In [1]:
import pickle
import matplotlib.pyplot as plt
import seaborn as sns
from sklearn.linear_model import LogisticRegression
from sklearn.neighbors import KNeighborsClassifier
from sklearn.neural_network import MLPClassifier
from sklearn.naive_bayes import GaussianNB
from sklearn.tree import DecisionTreeClassifier
from sklearn.ensemble import RandomForestClassifier
import os

In [2]:
import import_ipynb
import ML

importing Jupyter notebook from ML.ipynb


In [3]:
import warnings
warnings.filterwarnings('ignore')

In [4]:
pickle_in = open(os.path.join(os.path.abspath('..'),"Data/features.pickle"),"rb")
df_features = pickle.load(pickle_in)

pickle_in = open(os.path.join(os.path.abspath('..'),"Data/labels.pickle"),"rb")
df_labels = pickle.load(pickle_in)

# Dimensionality Reduction

## PCA

In [5]:
from sklearn.decomposition import PCA
import ipywidgets as widgets
import plotly.express as xp
import numpy as np
import pandas as pd
%matplotlib nbagg

In [6]:
pca = PCA(.95)
x_pca = pca.fit_transform(df_features)
print(x_pca.shape)


(155, 110)


In [9]:
fig, ax = plt.subplots(1, figsize=(6,4))
fig.suptitle("Relationship between PC1 and PC2")

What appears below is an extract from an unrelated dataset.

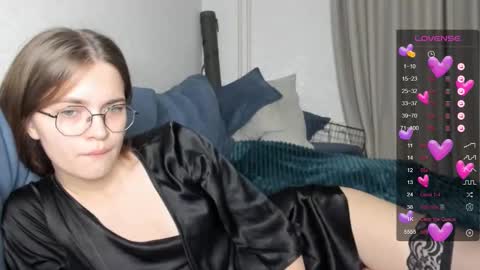 Snapshot of lina_hall chatting on 7, 1, 2025 lina hall online show from 7, 1, 2025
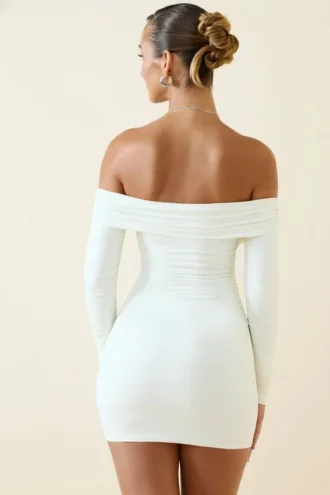 Rosanna off-shoulder minikjole med rynker i vanilje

offset = '0px 0px 0px 0px'

pc1 = widgets.IntSlider(min = 1, max = 100, value = 1, description = "PC #")
pc2 = widgets.IntSlider(min = 1, max = 100, value = 1, description = "PC #")
pc1.layout.margin = offset
pc1.layout.margin = offset


def update_pcplot(pc1, pc2):
    ax.clear()
    
    img = ax.scatter(x_pca[:,pc1],x_pca[:,pc2],c = df_labels['Gender'])
    ax.set(xlabel = ('Principal Component', pc1))
    
    ax.set(ylabel = ('Principal Component', pc2))
   # ax.legend()
    ax.legend(handles=img.legend_elements()[0], labels=['Female','Male'])#*img.legend_elements())
    
    
widgets.interactive(update_pcplot, pc1 = pc1, pc2 = pc2)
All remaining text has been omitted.